Alright, alright, I've put this off for long enough. It's about time I document my thoughts and feelings through the Auburn "World's Toughst" Triathlon that I raced the weekend before last. It was a truly fantastic event - gorgeous and well-run, though not without its' quirks.
This being my first-ever two-transition triathlon, my first-ever Half-Ironman-distance triathlon, and my first triathlon in two years or more, I wasn't entirely sure what to expect. Athletes were encouraged to arrive on the scene (T2/Finish) around 5:00 AM to drop their running shoes and begin the 7-mile ride down to T1/Start. The ride down was dark and cold, but I made it. The first transition zone was filled with shivering triathletes prepping their transition areas, shrugging on their wetsuits and moving through pre-race rituals.
Despite the early hour and the chilly temps, the atmosphere was intoxicating. The start and first transition were situated deep within a state park, down a windy, one-lane road closed to spectator traffic - meaning everyone there was either helping to run the event, or participating in it. We had all braved the cold and the dark to be there, and we were all in it together. There was an unspoken camaraderie between us as we tried in vain to warm up and set our things out just right for T1.
The water, by the way, was about 65°- so compared to the air, the water was actually warm. My previous open-water swims were all 51°-56° bay swims and let me tell you: the difference between 51° and 65° is ENORMOUS. It felt like bathwater. The race director mandated a 10-minute warm-up for all swimmers, so everyone was swimming about or treading water and otherwise feeling thankful that they were no longer exposed to the 40-degree air. We started from in the water, too - everyone massed behind two large, orange pylons, waited for the horn to go off, and then set off!
The steam rising off the lake proved rather disconcerting - we were swimming almost completely blind. From the water, it was impossible to see one pylon from the next until you were about halfway between the two. Not having a ton of experience swimming in open water, or even sighting, I was more than happy to let the other two lead the way.

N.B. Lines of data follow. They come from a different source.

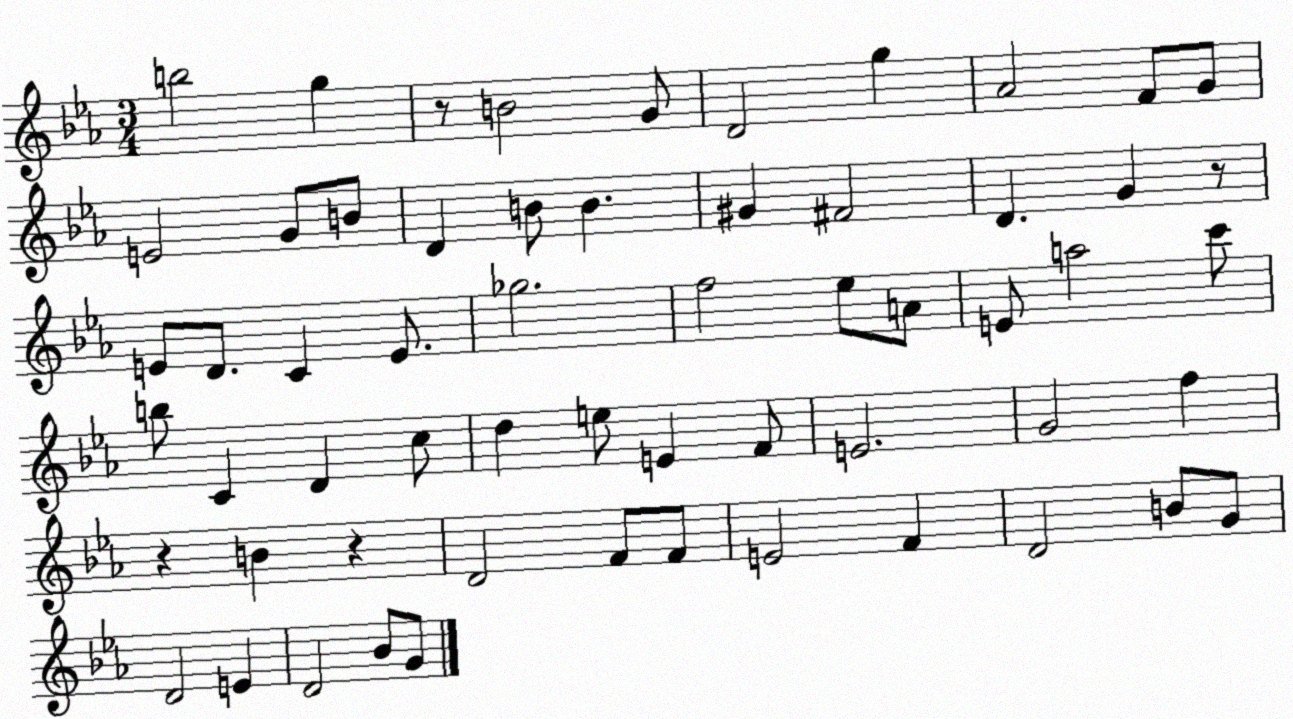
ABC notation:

X:1
T:Untitled
M:3/4
L:1/4
K:Eb
b2 g z/2 B2 G/2 D2 g _A2 F/2 G/2 E2 G/2 B/2 D B/2 B ^G ^F2 D G z/2 E/2 D/2 C E/2 _g2 f2 _e/2 A/2 E/2 a2 c'/2 b/2 C D c/2 d e/2 E F/2 E2 G2 f z B z D2 F/2 F/2 E2 F D2 B/2 G/2 D2 E D2 _B/2 G/2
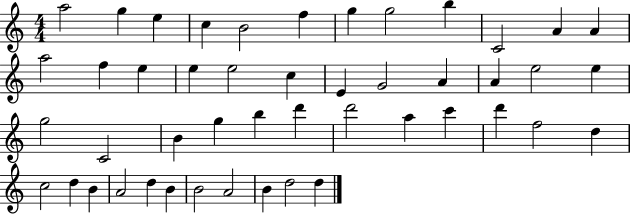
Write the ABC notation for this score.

X:1
T:Untitled
M:4/4
L:1/4
K:C
a2 g e c B2 f g g2 b C2 A A a2 f e e e2 c E G2 A A e2 e g2 C2 B g b d' d'2 a c' d' f2 d c2 d B A2 d B B2 A2 B d2 d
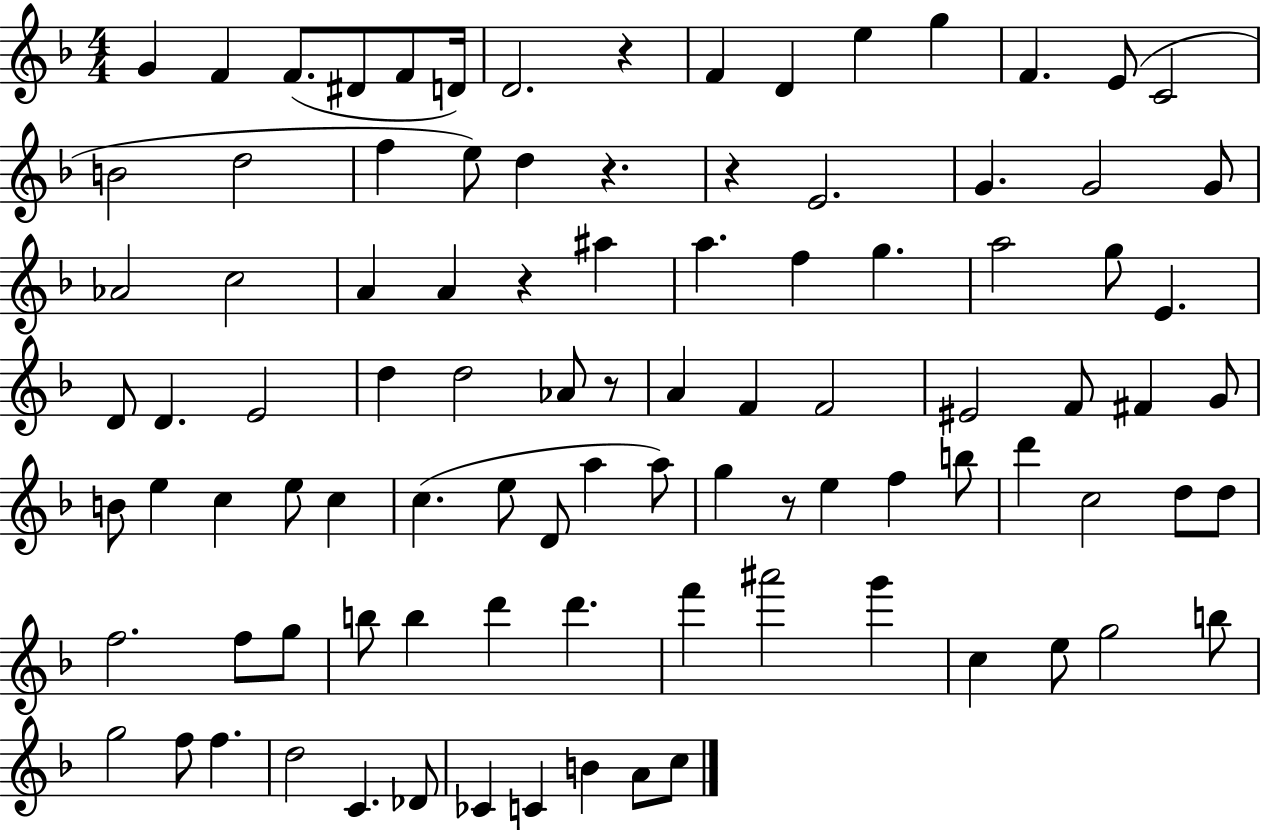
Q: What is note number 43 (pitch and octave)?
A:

I don't know exactly what happened, but as soon as we hooked left around the second pylon, I was in front of the other two - in front of the entire pack. One of the race officials was paddling in front of me on a bright red kayak and I think he knew we had no idea where we were swimming. That's when he began to guide us. I settled into a good rhythm, following the red kayak almost suspiciously around the third turn and then in to the close of the first lap. By the beginning of the second, I had distanced myself from the other two leaders by about three body-lengths.
"Long and strong," was my mantra, and it was easy to adhere to owing to the buoyancy of the wetsuit I was wearing. If that's what cheating feels like, I know why more people do it. I felt like a cruise missle knifing through the water, around the fifth and sixth turns and into the seventh. I upped the tempo into the final segment into the finish and busted out of the water to cheers and applause - the first competitor to complete the swim!
Getting my wet arms through the sleeves of my thermal jersey was not easy, but I managed, after a fashion. Socks were difficult, too. With all the time I was wasting, I decided to axe the gloves and knee-warmers: I'd have to just warm up on the road.
With that, I dashed with my bike to the mount-line and set out on phase two: the bike.